Councils are developing “subsidy-free” solar farms and schemes putting panels on homes and businesses to generate funds and cut bills, a report said.
The solar industry, which has been hit by changes to national policies and subsidy regimes, is calling on local authorities to boost renewables on new homes and existing buildings including schools, business parks and offices.
Many councils across the UK are already rolling out schemes from “smart” neighbourhoods with solar and electric vehicle charging to council homes with solar panels, a report by industry body the Solar Trade Association (STA) said.
And local authorities are now able to deliver solar farms which do not rely on subsidies, with West Sussex County Council building a subsidy-free project on a closed landfill site and others following suit, the industry report said.
Analysis has also revealed that the top 10 local authorities have invested more than £80 million in solar projects, with Forest Heath District Council in Suffolk topping the list, though there is significant variation in take-up of solar.

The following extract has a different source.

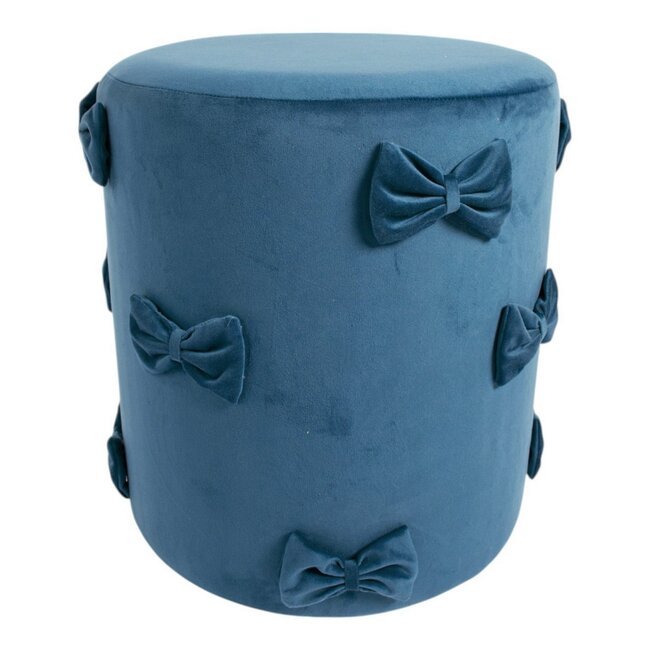 Mars & More Strik Poef fluweel navy 35x35x40cm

Peterborough tops the league for the highest proportion of homes with solar panels, around 11%, while only 0.1% in Kensington have the renewable energy technology, it showed.
Measures that can make solar work include using planning powers to demand higher standards on new developments, making use of interest-free finance from Government-funded Salix Finance, large-scale schemes and putting solar and storage alongside electric vehicle infrastructure, the STA said.
STA chief executive Chris Hewett said: “Leadership on solar in the UK today comes from local councils, and increasingly from regional government.
“Local people want a stake in clean energy, so they understand the tremendous value of solar and energy storage – both hugely accessible technologies.
“We’ve been impressed by the level of innovation and political leadership being demonstrated today by some councils.
“Our message to councils is don’t wait on national Government; there is a lot you can do today with solar and the UK solar industry wants to work with you to help meet your climate, air quality and economic goals.”
Some of the local authority projects highlighted in the report are:
– Barratt Homes has delivered 220 homes under Milton Keynes’ local plan which requires carbon neutrality, including a 10% carbon reduction from onsite renewables;
– Cambridge City Council is building its first council homes in 20 years, which include solar power to reduce energy bills;
– Hounslow Council is planning two subsidy-free solar farms, with possible battery storage, with the potential for power from both sites to be fed back to council buildings and schools;
– City of Cardiff Council included a solar thermal system as part of its £5.5 million regeneration of a leisure centre, featuring a 25-metre swimming pool, cutting energy bills by 30%;
– West Sussex Council has secured £3 million of capital funding to finance solar across 50 schools following a successful pilot on eight schools.
– Perth Food and Drink Park is being developed for business units with clean power sold by Perth and Kinross Council to business tenants from ground-mounted and roof-mounted solar.
Report author Leonie Greene said: “Our research showed that better national policy is needed to support domestic and community solar and the great ambitions of local government to use solar to tackle fuel poverty.
“But our report shows that many projects can be done today, free of central government, which heralds a new era of sustainable clean energy investment.”